(Working data Opens)
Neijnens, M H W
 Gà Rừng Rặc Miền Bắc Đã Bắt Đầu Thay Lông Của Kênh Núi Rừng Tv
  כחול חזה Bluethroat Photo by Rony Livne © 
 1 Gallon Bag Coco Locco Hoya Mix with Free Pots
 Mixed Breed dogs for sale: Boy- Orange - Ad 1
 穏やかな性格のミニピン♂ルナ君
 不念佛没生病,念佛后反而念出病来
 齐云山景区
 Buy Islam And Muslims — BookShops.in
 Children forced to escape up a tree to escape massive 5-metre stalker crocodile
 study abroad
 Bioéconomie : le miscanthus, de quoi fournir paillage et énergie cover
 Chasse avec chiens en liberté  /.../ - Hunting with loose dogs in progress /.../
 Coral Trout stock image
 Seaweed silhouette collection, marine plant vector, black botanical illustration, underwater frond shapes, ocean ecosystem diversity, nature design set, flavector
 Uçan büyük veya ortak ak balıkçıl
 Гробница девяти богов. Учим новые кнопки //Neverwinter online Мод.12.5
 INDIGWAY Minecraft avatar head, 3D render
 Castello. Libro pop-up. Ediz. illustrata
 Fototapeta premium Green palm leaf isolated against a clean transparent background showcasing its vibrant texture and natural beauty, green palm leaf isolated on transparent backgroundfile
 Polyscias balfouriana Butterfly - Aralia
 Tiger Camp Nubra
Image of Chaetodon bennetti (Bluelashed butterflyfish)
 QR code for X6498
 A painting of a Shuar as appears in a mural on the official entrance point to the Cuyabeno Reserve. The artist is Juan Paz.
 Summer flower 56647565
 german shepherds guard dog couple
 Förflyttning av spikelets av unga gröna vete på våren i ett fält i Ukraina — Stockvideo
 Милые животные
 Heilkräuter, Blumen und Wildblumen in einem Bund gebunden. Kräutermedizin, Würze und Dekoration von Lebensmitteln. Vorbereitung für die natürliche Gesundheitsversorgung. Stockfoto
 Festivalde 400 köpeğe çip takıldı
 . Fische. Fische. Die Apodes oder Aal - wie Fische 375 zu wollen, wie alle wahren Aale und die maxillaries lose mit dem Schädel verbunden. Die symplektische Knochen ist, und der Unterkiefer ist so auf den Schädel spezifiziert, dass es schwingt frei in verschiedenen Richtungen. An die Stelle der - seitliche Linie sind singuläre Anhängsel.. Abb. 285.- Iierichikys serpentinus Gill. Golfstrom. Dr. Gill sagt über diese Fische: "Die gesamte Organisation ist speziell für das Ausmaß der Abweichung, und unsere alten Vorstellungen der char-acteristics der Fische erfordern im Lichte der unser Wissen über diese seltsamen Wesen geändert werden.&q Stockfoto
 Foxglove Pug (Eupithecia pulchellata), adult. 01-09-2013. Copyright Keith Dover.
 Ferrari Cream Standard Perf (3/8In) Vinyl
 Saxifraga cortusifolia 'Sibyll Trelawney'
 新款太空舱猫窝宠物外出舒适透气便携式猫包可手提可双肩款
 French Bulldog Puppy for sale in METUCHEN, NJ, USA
(Working data Closes)
• Problem statement: Please return each line of the listing above that contains "with".

• Solution for this exercise:
 1 Gallon Bag Coco Locco Hoya Mix with Free Pots
 Chasse avec chiens en liberté  /.../ - Hunting with loose dogs in progress /.../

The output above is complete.